- [Your goal]
Please restate exactly the lines from the one holding "Lethicia Bronstein Sophia cut" to the end of the material, including both ends and excluding every picture.

- [Information shown]
Segment Open

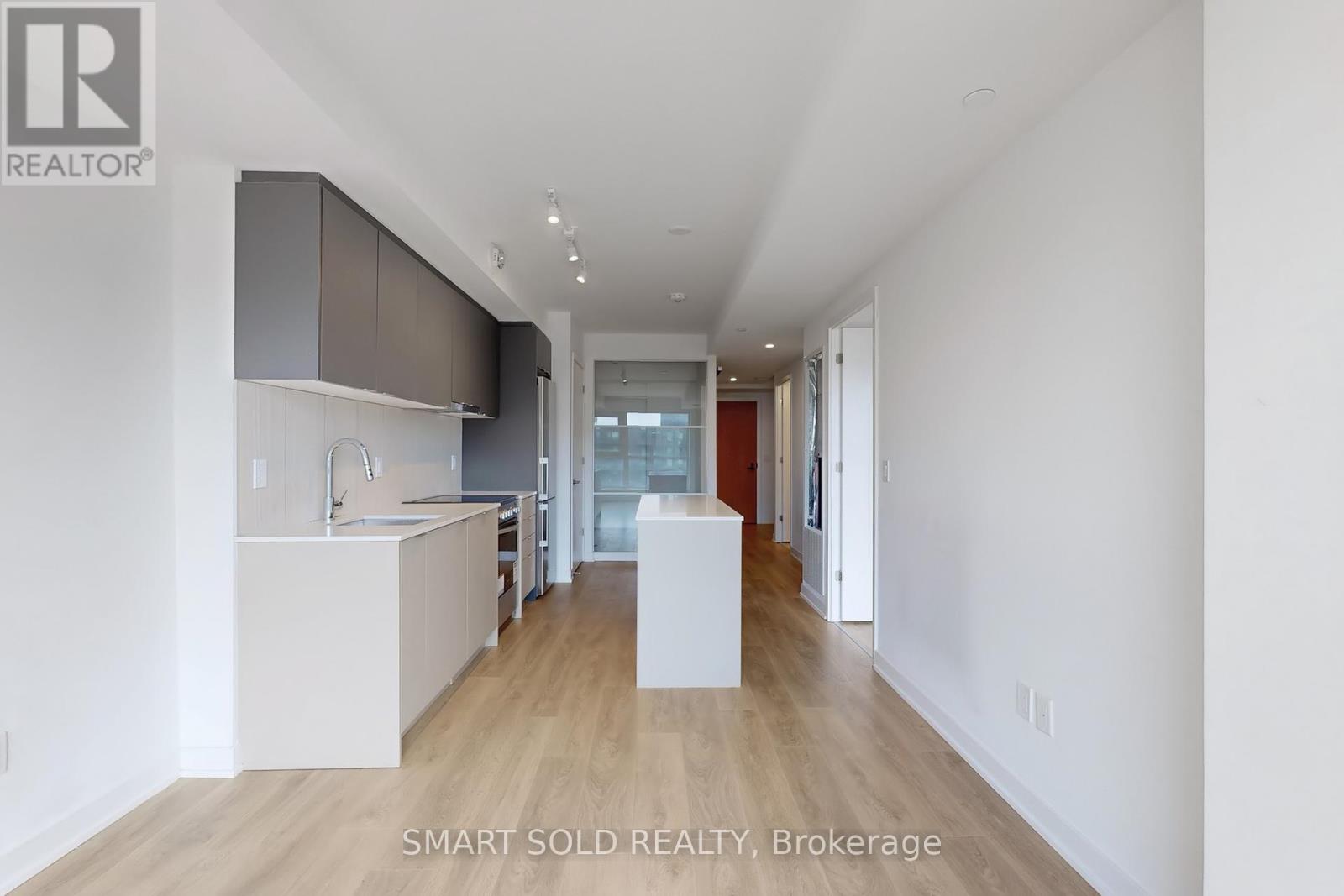 628 - 8 Tippett Road, Toronto (Clanton Park), Ontario  M3H 0E7 - Photo 13 - C12152825
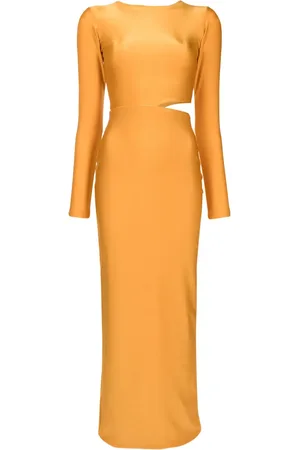 Lethicia Bronstein Sophia cut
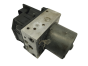 Bomba Abs Fiat Stilo 51718107 0265800016 Bosch 65325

Segment Closed

- [Answer section]
 Lethicia Bronstein Sophia cut
 Bomba Abs Fiat Stilo 51718107 0265800016 Bosch 65325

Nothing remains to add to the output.